**Task instructions**: Would you reproduce each of the records below precisely, with the pictures left out?

**Web page caption snippets**:
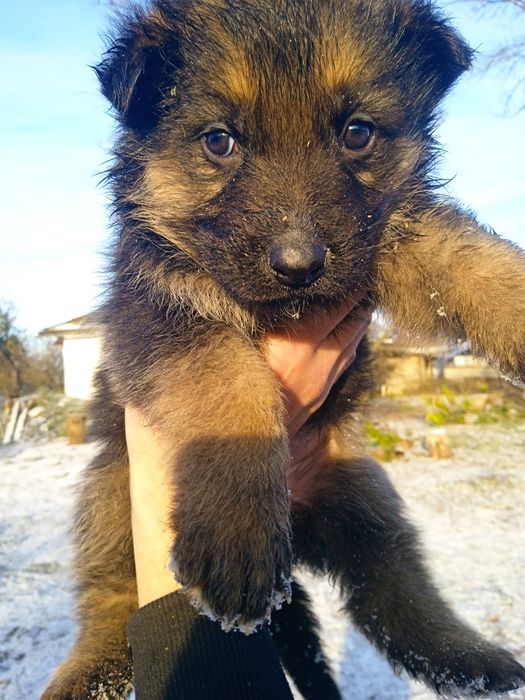 Цуценя німецька вівчарка два місяці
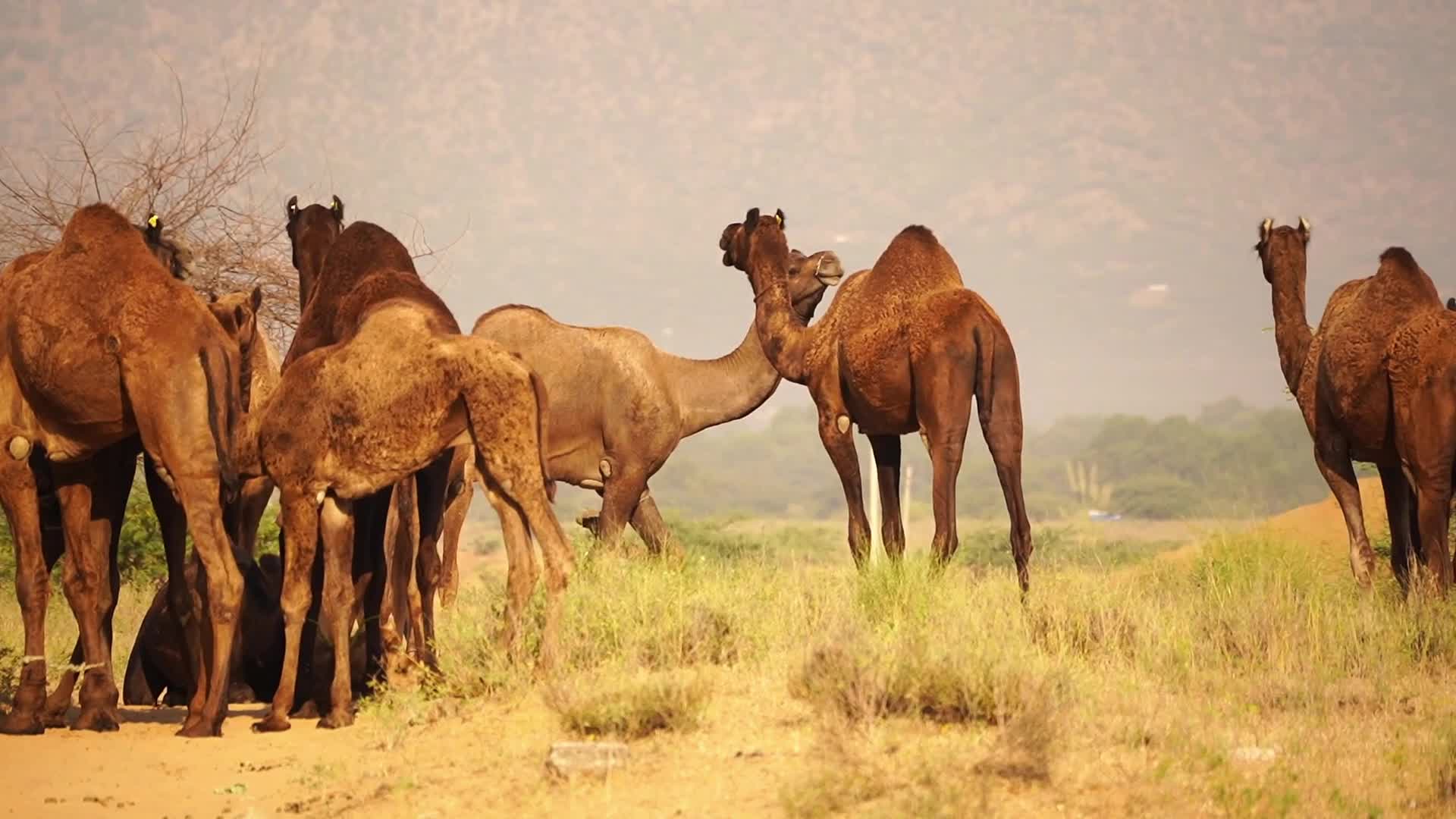 Indian camel traders bring their livestock during the annual Pushkar Camel Fair in Pushkar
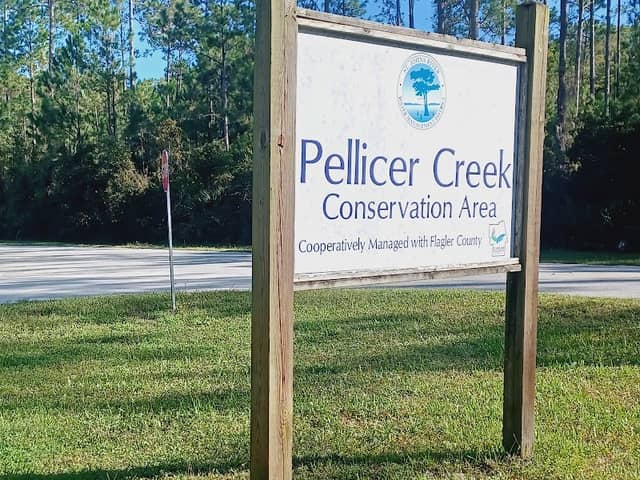 Pellicer Pond - Pellicer Creek Conservation Area - Image 2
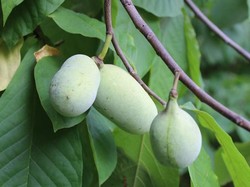 Mengenal Buah Pawpaw, Buah Rasa Unik dengan Bentuk Mirip Pepaya!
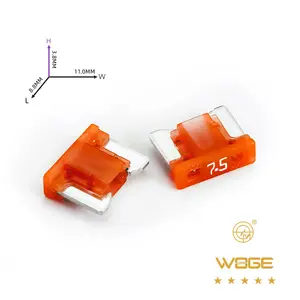 Fornitore di fabbrica professionale 1A-30A Standard e Mini e sottile Mini lama fusibile Plug-in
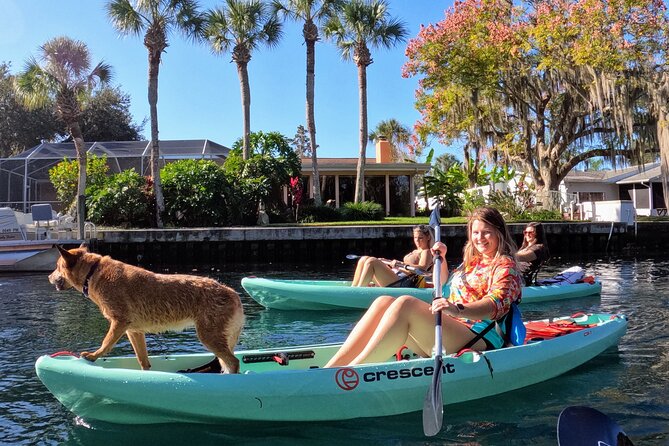 Premium Single Kayak Rental In Crystal River, Florida - Overview and Inclusions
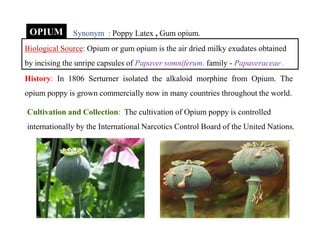 OPIUM
Biological Source: Opium or gum opium is the air dried milky exudates obtained
by incising the unripe capsules of Papaver somniferum. family - Papaveraceae .
History: In 1806 Serturner isolated the alkaloid morphine from Opium. The
opium poppy is grown commercially now in many countries throughout the world.
Cultivation and Collection: The cultivation of Opium poppy is controlled
internationally by the International Narcotics Control Board of the United Nations.
Synonym : Poppy Latex , Gum opium.
Cultivation and Collection: The cultivation of Opium poppy is controlled
internationally by the International Narcotics Control Board of the United Nations.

**The answer**:
 Цуценя німецька вівчарка два місяці
 Indian camel traders bring their livestock during the annual Pushkar Camel Fair in Pushkar
 Pellicer Pond - Pellicer Creek Conservation Area - Image 2
 Mengenal Buah Pawpaw, Buah Rasa Unik dengan Bentuk Mirip Pepaya!
 Fornitore di fabbrica professionale 1A-30A Standard e Mini e sottile Mini lama fusibile Plug-in
 Premium Single Kayak Rental In Crystal River, Florida - Overview and Inclusions
 OPIUM
Biological Source: Opium or gum opium is the air dried milky exudates obtained
by incising the unripe capsules of Papaver somniferum. family - Papaveraceae .
History: In 1806 Serturner isolated the alkaloid morphine from Opium. The
opium poppy is grown commercially now in many countries throughout the world.
Cultivation and Collection: The cultivation of Opium poppy is controlled
internationally by the International Narcotics Control Board of the United Nations.
Synonym : Poppy Latex , Gum opium.
Cultivation and Collection: The cultivation of Opium poppy is controlled
internationally by the International Narcotics Control Board of the United Nations.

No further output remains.